Reconsidering this painting now, having lived with it for so long and having hauled it through at least four different apartments, I have a very physical connection with it. When I was making it, I was really focused on the process, and color/composition work often were placed on the back burner. I was muddling through this sort of “constant revision” approach where I would begin something but refuse to become committed, obscure it, and start again, with the result being a sort of time warp where you can see the flux of several different sketches without a necessarily recognizable “finished” product. Adding to this, I think this particular piece was based on live models, but every 120 seconds or so they would change position, adding to the time lapse effect. This way of working I think was a precursor to my concept of “progression” or “progressive” painting, wherein the process is paramount and the “end” of the work is slippery.
However “unfinished” it was at the time, I haven’t touched it in several years and I think I can say that I probably will not return to anything on this particular canvas … So be it … Let’s call it done!

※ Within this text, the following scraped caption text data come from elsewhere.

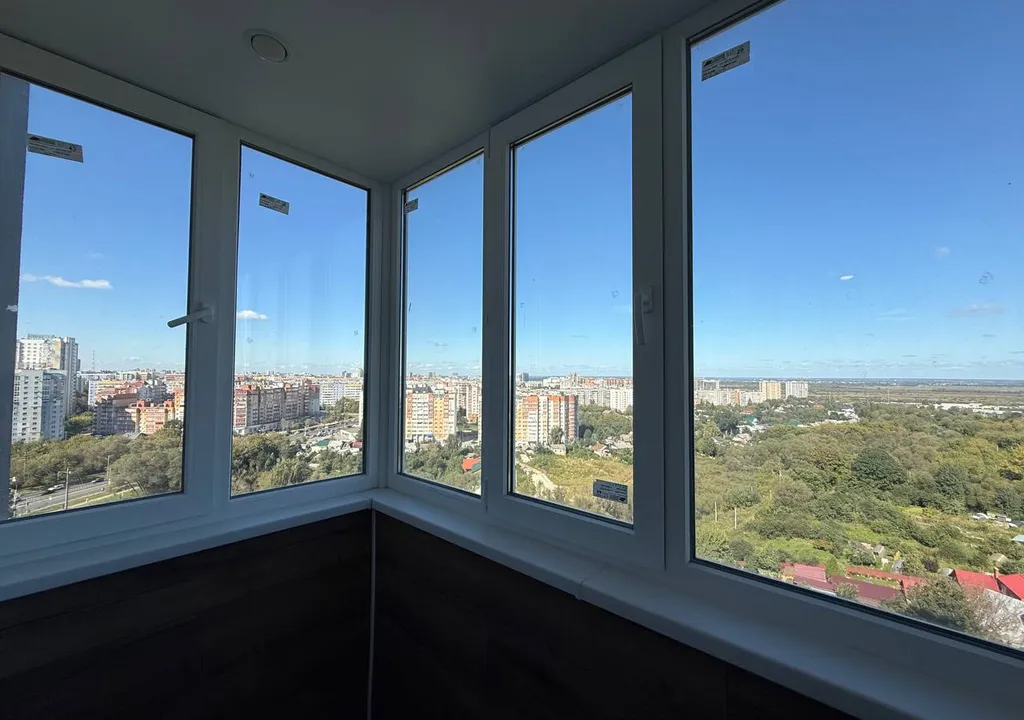 Квартира двухкомнатная на улице Новосёлове, 60 м², Рязань — вид из окна, фото 2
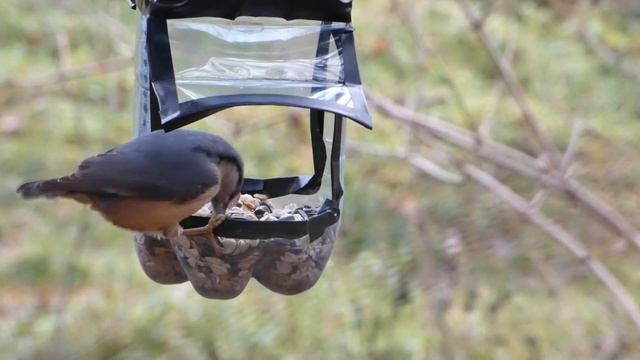nuthatch and forest feeder for my birds, поползень и лесная кормушка для моих птиц смотреть онлайн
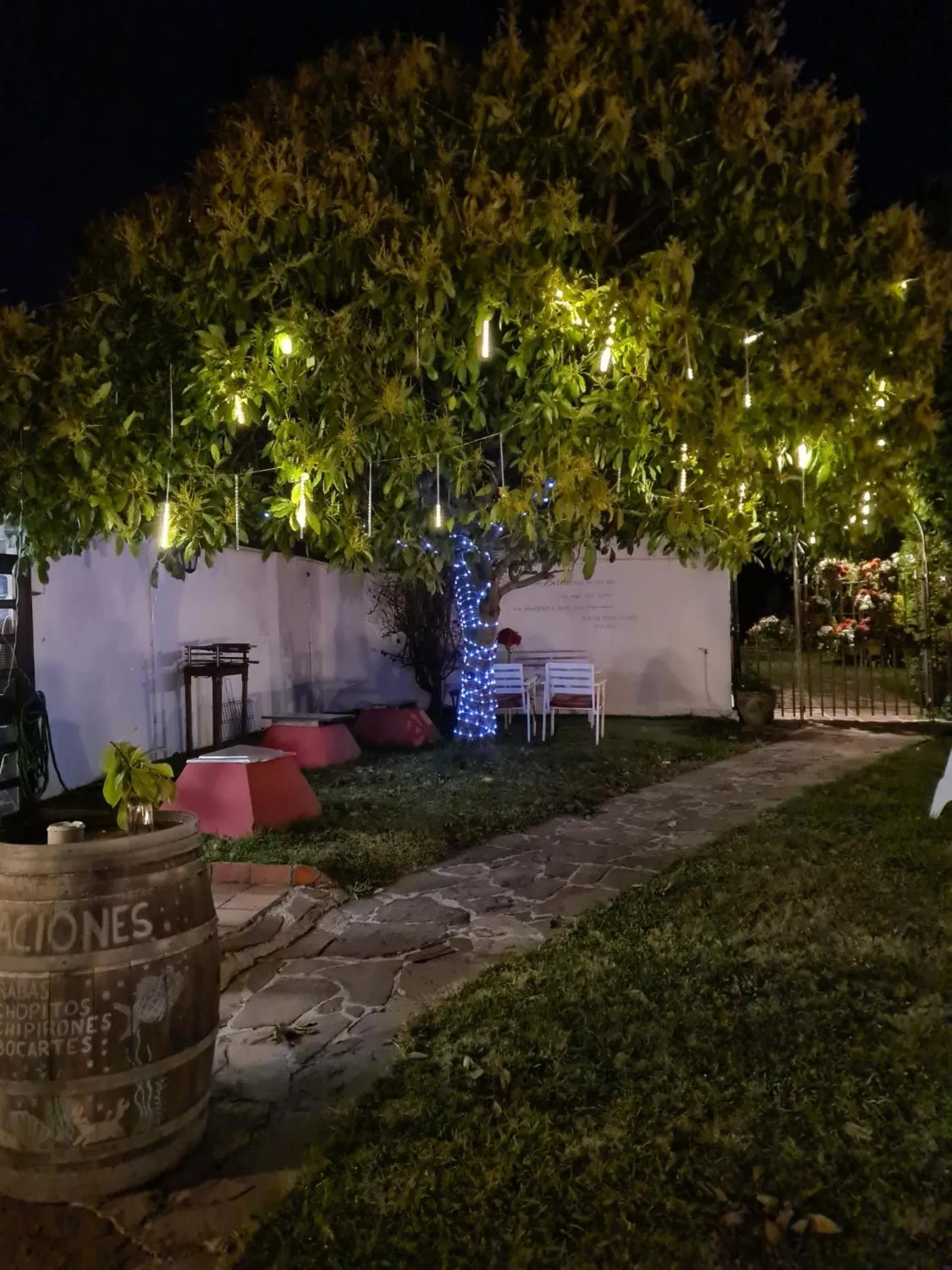 Garden in Hotel Colegiata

Man with drapes is called man with drapes because there is not another good name for it. A man stands, picking up some drapes. This was one of the first of my “progressive painting” experiments, in which I worked primarily in charcoal, then liberally applied paint, then alternated back to charcoal, and so forth in a pattern cycle that eventually became “constant revision” and changing of position, color, etc. I searched for a surface full of movement, uncertainty, but also shape and form. Making art this way, it is impossible to know when to stop revising or beginning a new cycle for the piece. At a point, I believe the art tells you when to stop. If the artist feels it is unfinished, then it is up to the viewer to finish it.